Diante da inércia do legislativo brasileiro, vários estados
editaram suas próprias leis para cobrar o ITCMD sobre operações envolvendo o
exterior. Fundamentaram essa prática no suposto direito de legislarem de
maneira plena quando há inércia/omissão do Congresso Nacional.
Entretanto, contribuintes viram essa prática como
inconstitucional, pois esse direito de legislar supletivamente teria
consequências que excederiam os limites dos poderes tributantes, e implicaria
provável bitributação. Em outras palavras, apenas lei complementar nacional
poderia trazer normas sobre o tema, e não lei complementar estadual.

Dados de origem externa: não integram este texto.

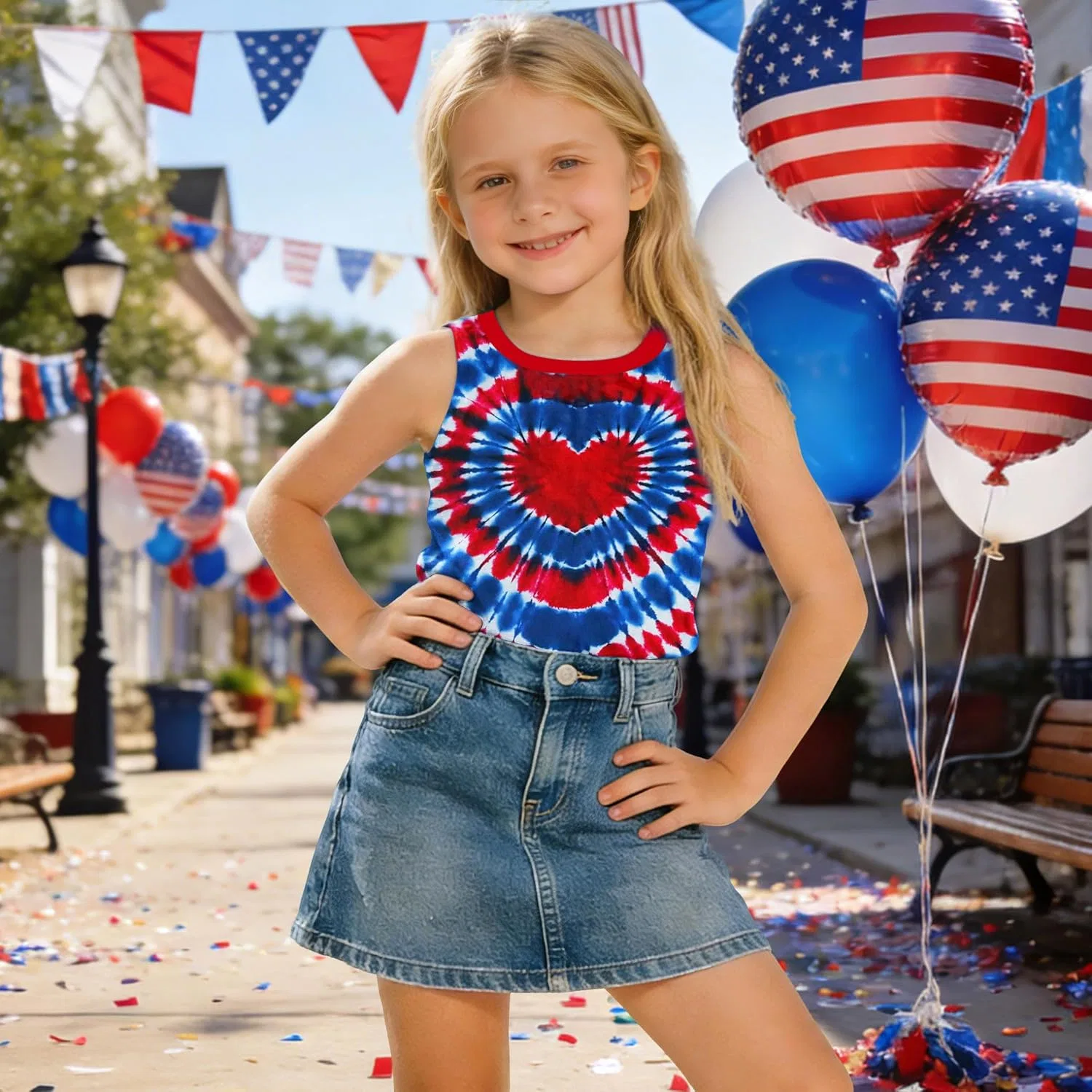Детский топ-безрукавка American Flag, CAZYCHILD, Blue-love — фото 3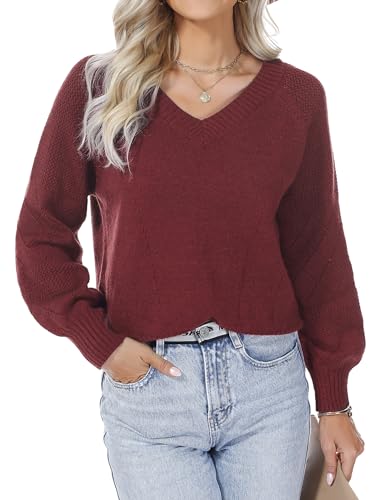 Aottori Damen Pullover V-Ausschnitt Strickpullover Langarm Pulli Lose Schulterfrei Oberteile Puffärmeln Tops für Frühling Hebst Winter Weinrot M von Aottori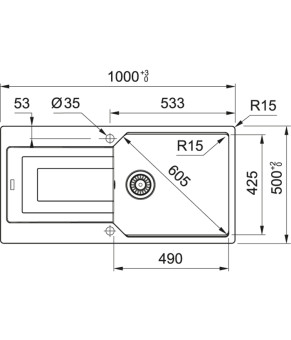Кухонная мойка Franke Urban UBG 611-100 XL Фрагранит Оникс 114.0574.931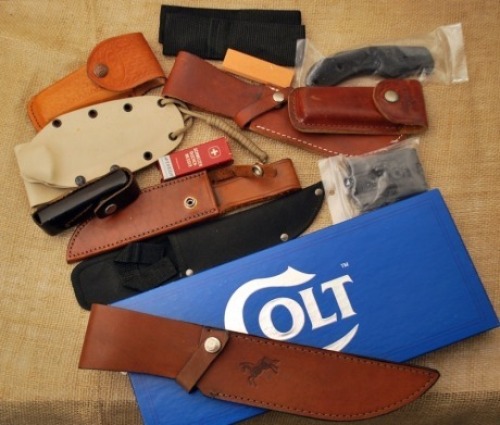 10 knife sheaths and boxes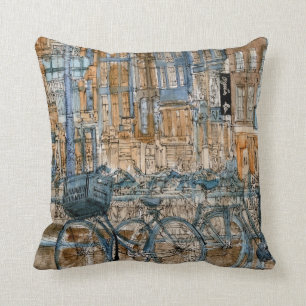 Coussin Vue de New York City d'aquarelle des destinations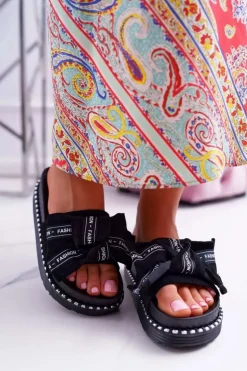 Damskie Klapki Profilowana Wkładka Z Kokardką Czarne Vrenya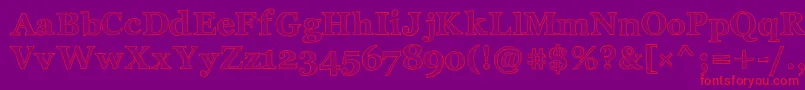 ArchisticoBold-Schriftart – Rote Schriften auf violettem Hintergrund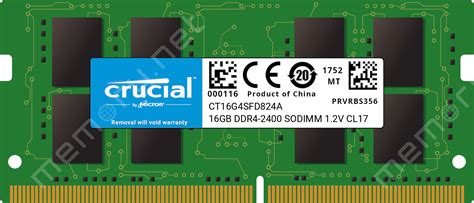 CT16G4SFD824A - Crucial 1x 16GB DDR4-2400 SODIMM PC4-19200T-S Dual Rank x8 Module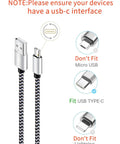 Front view of braided USB-A to USB-C charging cable, black-and-white weave with silver connectors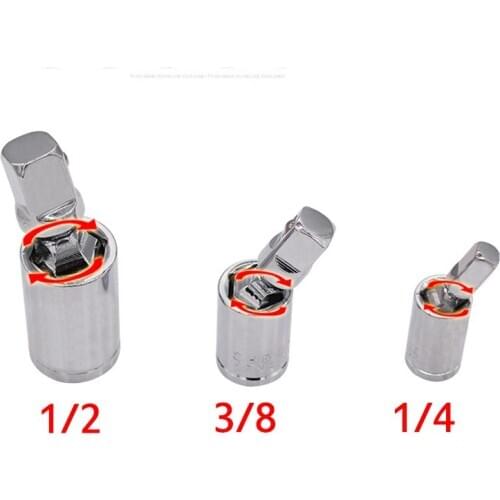 1/4" 3/8" 1/2" Universal Joint Set Ratchet Angle Extension Bar Socket Adapter Manual and Pneumatic Bendable Adapter Socket Tools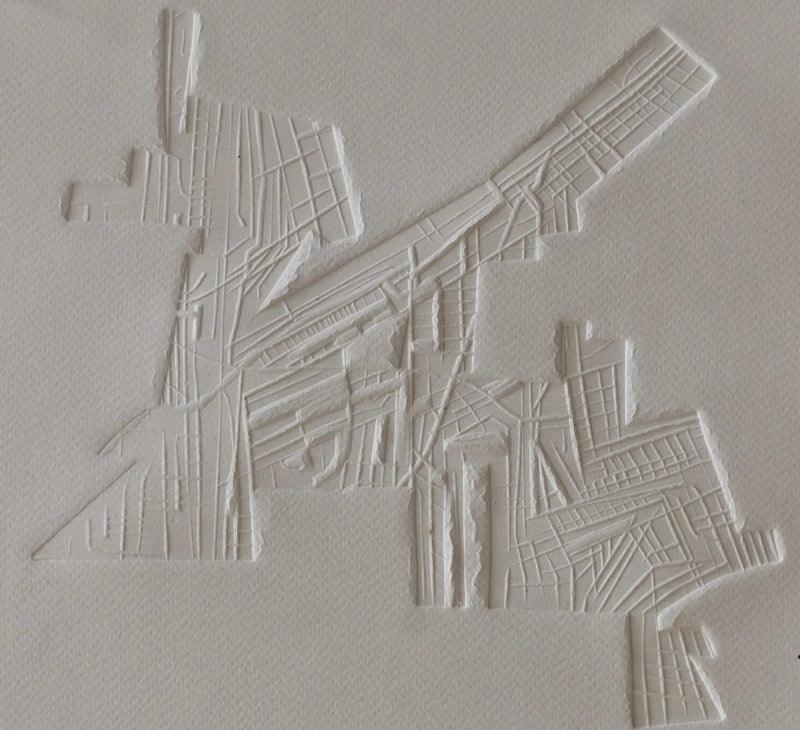 Abstract printmaking titled 'Coal Mining Issue 7', 16x18 inches, by artist Atanu Bakshi on Paper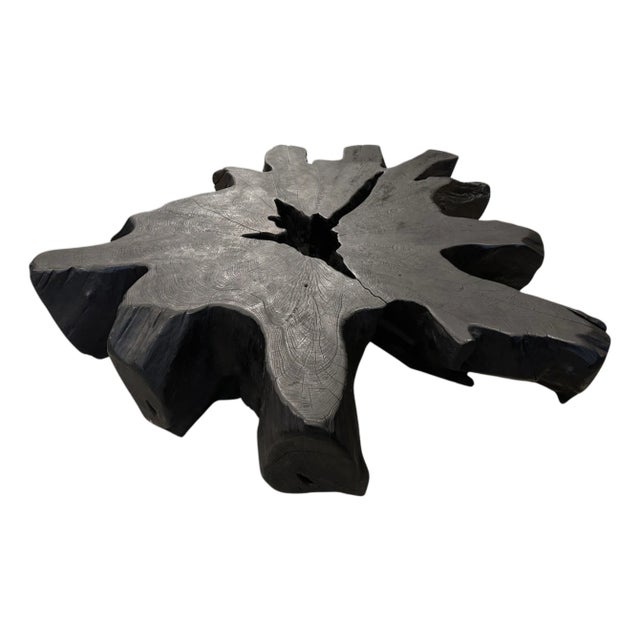 Andrianna Shamaris Impressive Charred Teak Wood Coffee Table For Sale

Tal impasse deu origem a diversas discussões administrativas
e judiciais. Apesar de não existir unanimidade nos julgamentos, o entendimento
majoritário dos tribunais pátrios é pela inconstitucionalidade das leis
estaduais e consequente não incidência do tributo.
Em virtude da grande relevância do tema para a arrecadação
dos estados, e da enxurrada de ações judiciais discutindo a questão, foi
reconhecida a repercussão geral do tema pelo Supremo Tribunal Federal, a fim de
uniformizar o entendimento judicial. O julgamento do mérito, entretanto, foi
iniciado apenas cinco anos depois.
O tema causa grande polêmica. Não é incomum que famílias com
alto poder aquisitivo criem estruturas legais para manutenção de seu patrimônio
no exterior. Entretanto, alguns contribuintes praticam ilegalidades por meio
delas, enviando patrimônio ao exterior, transferindo a herdeiros, e
posteriormente repatriando o capital, com o único intuito de evitar a
tributação brasileira (abuso de formas).
Do outro lado da moeda, há contribuintes que não praticaram
nenhuma ilegalidade, porém se veem obrigados a recolher um tributo instituído
por lei inconstitucional. É o caso de trabalhadores que migram temporariamente
ao Brasil, e nesse meio tempo recebem doações ou heranças as quais, na maior parte
das vezes, já são tributadas em seus países de origem.
Em seu voto, o Ministro Dias Toffoli (relator) sugeriu tese
de repercussão geral favorável aos contribuintes, propondo que é vedado aos
estados instituir o ITCMD nas hipóteses discutidas sem a existência de lei
complementar nacional. Contudo, também foi sugerida a modulação dos efeitos da
decisão apenas aos fatos geradores ocorridos após a publicação de acórdão.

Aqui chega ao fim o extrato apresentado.